The interactional management of claims of insufficient knowledge in English language classrooms


SERT O., Walsh S.

LANGUAGE AND EDUCATION, vol.27, no.6, pp.542-565, 2013 (SSCI) identifier identifier

  • Publication Type: Article / Article
  • Volume: 27 Issue: 6
  • Publication Date: 2013
  • Doi Number: 10.1080/09500782.2012.739174
  • Journal Name: LANGUAGE AND EDUCATION
  • Journal Indexes: Social Sciences Citation Index (SSCI), Scopus
  • Page Numbers: pp.542-565
  • Hacettepe University Affiliated: Yes

Abstract

This paper primarily investigates the interactional unfolding and management of claims of insufficient knowledge' (Beach and Metzger 1997) in two English language classrooms from a multi-modal, conversation-analytic perspective. The analyses draw on a close, micro-analytic account of sequential organisation of talk as well as on various multi-semiotic resources the participants enact including gaze, gestures, body movements and orientations to classroom artefacts. The research utilises transcriptions of 16 (classroom) hours of video recordings, which were collected over a six-week period in 2010 in a public school in Luxembourg. The findings show that establishing recipiency through mutual gaze and turn allocation practices have interactional and pedagogical consequences that may lead to claims of insufficient knowledge. Furthermore, the findings illustrate various multi-modal resources the students use (e.g. gaze movements, facial gestures and headshakes) to initiate embodied claims of no knowledge and to show specific exchange structures.
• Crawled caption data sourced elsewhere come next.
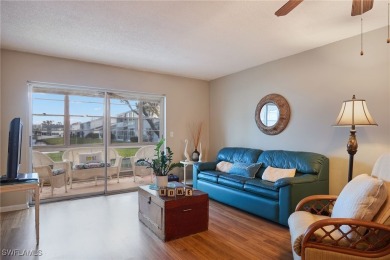 Discover this unbeatable TURN-KEY first-floor LAKE view condo in on Cypress Lake Country Club in Florida - for sale on GolfHomes.com, golf home, golf lot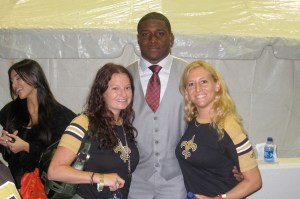 Bryna and Jordan steal a squeeze from Reggie Bush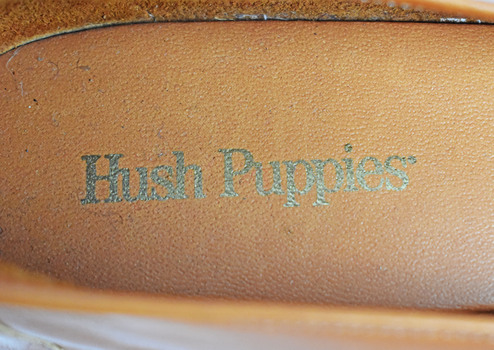 printed silver inscription on inner sole of shoe which says hush puppies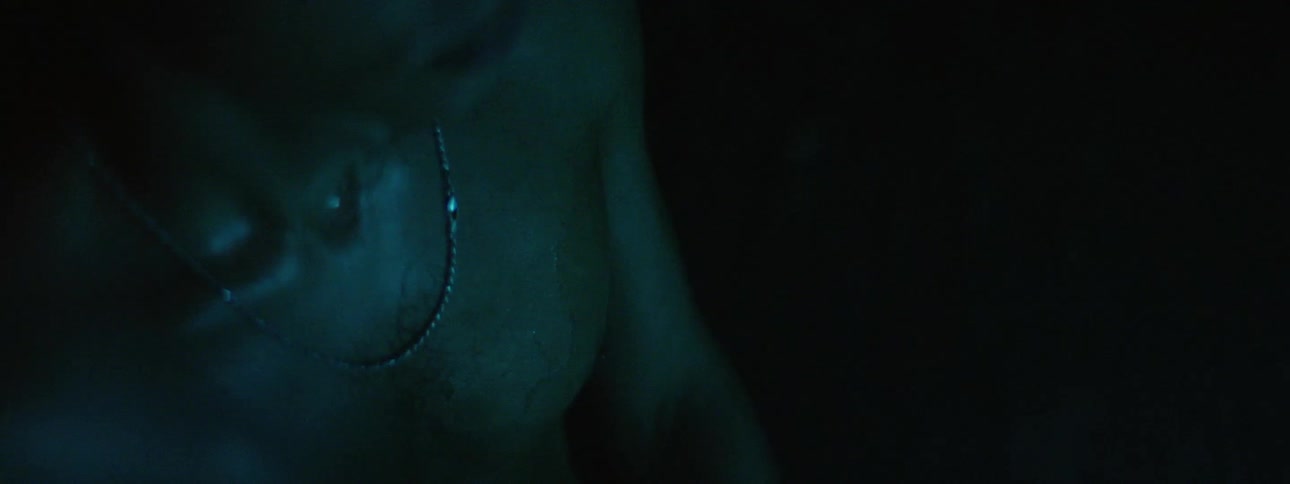 A glowing green light passes over a shirtless man causing his skin to glisten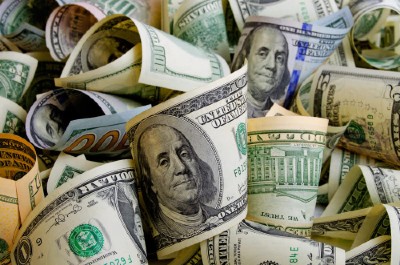 Cash dollars in various denominations on the plane.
Finally, we suggest that certain interactional resources, including embodied vocabulary explanations and Designedly Incomplete Utterances (Koshik 2002), deployed by the teacher after a student's claim of insufficient knowledge may lead to student engagement, which is a desirable pedagogical goal. Our findings have implications for the analysis of insufficient knowledge, for teaching, teacher education and in particular for L2 Classroom Interactional Competence (Walsh 2006).